Employer social security contributions stand at 9.6% in Canada versus 8.1% in the U.S., according to the report. Employee-side contributions run higher in the U.S., at 7.7% versus 6.8% in Canada.
Severance and notice rules account for the difference
Canada mandates roughly five weeks of statutory severance and five weeks of statutory notice. The United States has no federal requirement for either. Employ Borderless states: "In the US: no federal statutory severance or notice, and ~8% in contributions."
Canada's statutory annual leave minimum is 10 days, compared with no federal minimum in the United States. The report also lists Canada's statutory maternity leave at 16 weeks, versus zero at the U.S. federal level.
These obligations shape termination budgets and workforce restructuring timelines. A Canadian employer conducting layoffs carries a statutory notice-and-severance floor that a U.S. employer, absent contract or company policy, does not, a distinction relevant to HR teams coordinating binational workforce reductions with legal and finance departments.
World's lightest burdens
Employ Borderless found that Canada and the U.S. belong to a broader pattern among English-speaking economies. Four of six major Anglosphere countries scored fall in the lighter half of the index: the United Kingdom (85th), Ireland (94th), Australia (103rd), and Canada (109th), alongside the U.S. (158th) and New Zealand (163rd).

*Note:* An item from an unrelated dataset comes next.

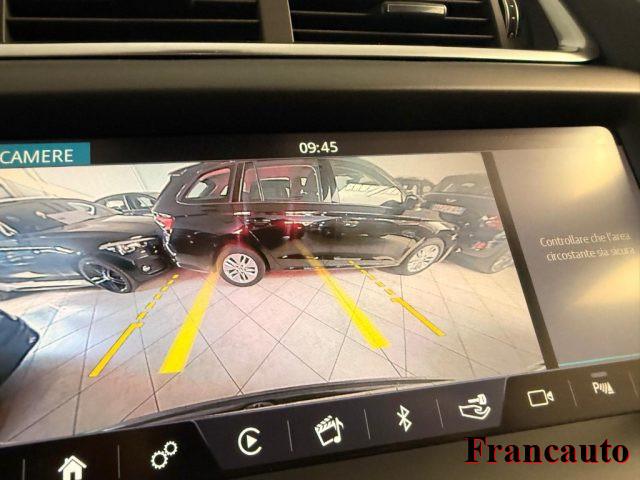 JAGUAR E-Pace 2.0D 150 CV AWD aut. HSE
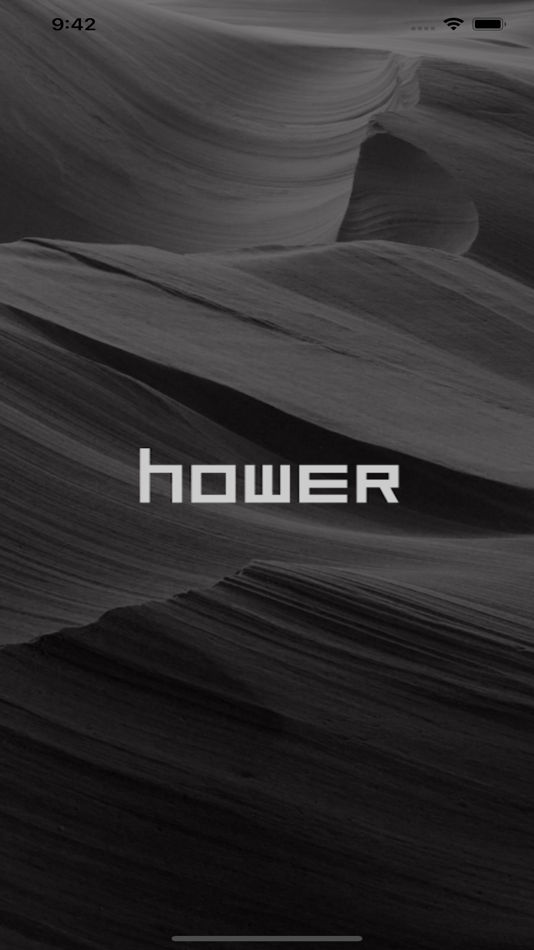 #1. Hower – Productivity Timer (iOS) 由: Ooredoo QSC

Argentina ranks as the heaviest jurisdiction globally, with a composite score of 86 and an estimated $69,500 cost for a $50,000 hire once contributions and mandatory 13th-month pay are included. New Zealand ranks lightest overall, with a composite score of 4.
Europe carries the heaviest average regional burden, at 51.7 on the composite scale across 47 scored countries, compared with 29.1 for Oceania, the lightest region. Separately, 38 countries and territories impose no statutory severance requirement at all, according to the index.